To the Editor:
The Centers for Medicare & Medicaid Services has implemented the Hospital Value-Based Purchasing program this year in an effort to improve the quality of hospital care. The innovative program links health care payments with certain performance outcome measures, providing a financial incentive for quality improvement. The measures that come into effect for 2013 are based on the “clinical process of care” and the “patient experience of care.” An additional set of measures relating to mortality, hospital-acquired conditions, patient safety and inpatient quality are slated to be included in the program for 2014. It is clear that the field of outcomes research is gaining a more prominent role in health care management decisions.
Historically, surgeons always have been at the forefront of outcomes research. These studies are intuitively a more practical alternative to clinical trials. However, the heterogeneity of factors leading to outcomes cannot be understated. Surgical results are a composite of surgical skill and experience, the quality of ancillary support staff and infrastructure, and patient-related factors. Patient-related factors can be summarily divided into modifiable and nonmodifiable risk factors.
The concept of modifiable risk factors presents as much a challenge to the health care system as it does to the patient. The entire onus of health care should not rest with the system that provides it. There are certain factors under the direct control of the patient, such as lifestyle choices, high-risk behaviors and adherence to medication, just to name a few. These are possible confounders when it comes to outcomes and patient surveys. But they are not factored in when making a decision about payment for health care.
Some of the patient-related factors are easy to measure. Glycosylated hemoglobin [HbA1c], for example, can be used as a marker for adherence to antidiabetic medications. HbA1c was found to be a powerful predictor of in-hospital death and morbidity after coronary artery bypass grafting.
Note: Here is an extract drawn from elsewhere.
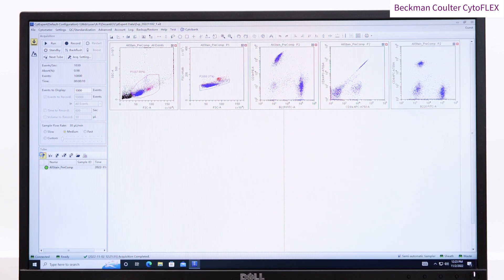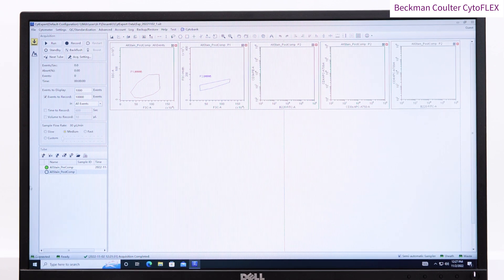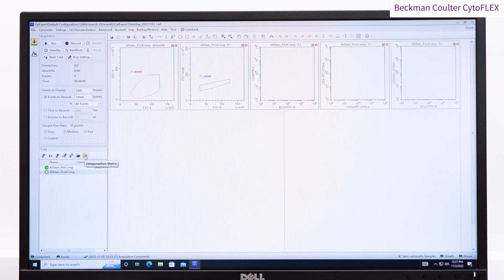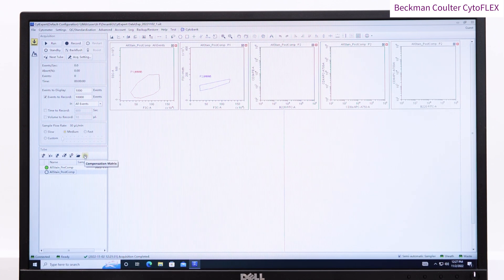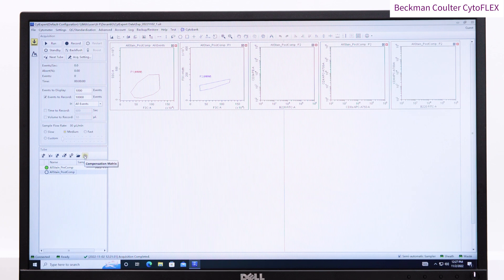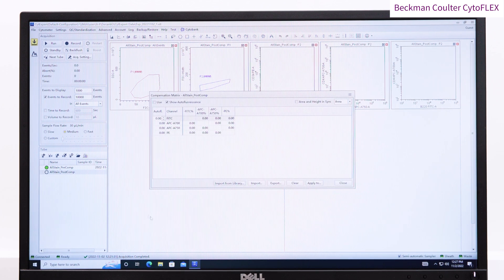Here, I'm going to create a new tube, and with that tube selected, we can go into the compensation matrix, into the library, and choose the compensation that we just created.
But how does one quantify the effect of nonadherence to psychiatric medications or missed clinic visits? Does an attitude of noncompliance in one area affect other areas, and ultimately, outcomes?
As the reliance on outcomes data increases, all possible variables will need to be taken into account to make an equitable evaluation of the quality of health care. The contribution of these patient-related factors to outcome has not been well studied and deserves consideration. The “empowered patient” has the right to make his or her own decisions about health care and lifestyle choices, and consequently should share the responsibility for outcomes.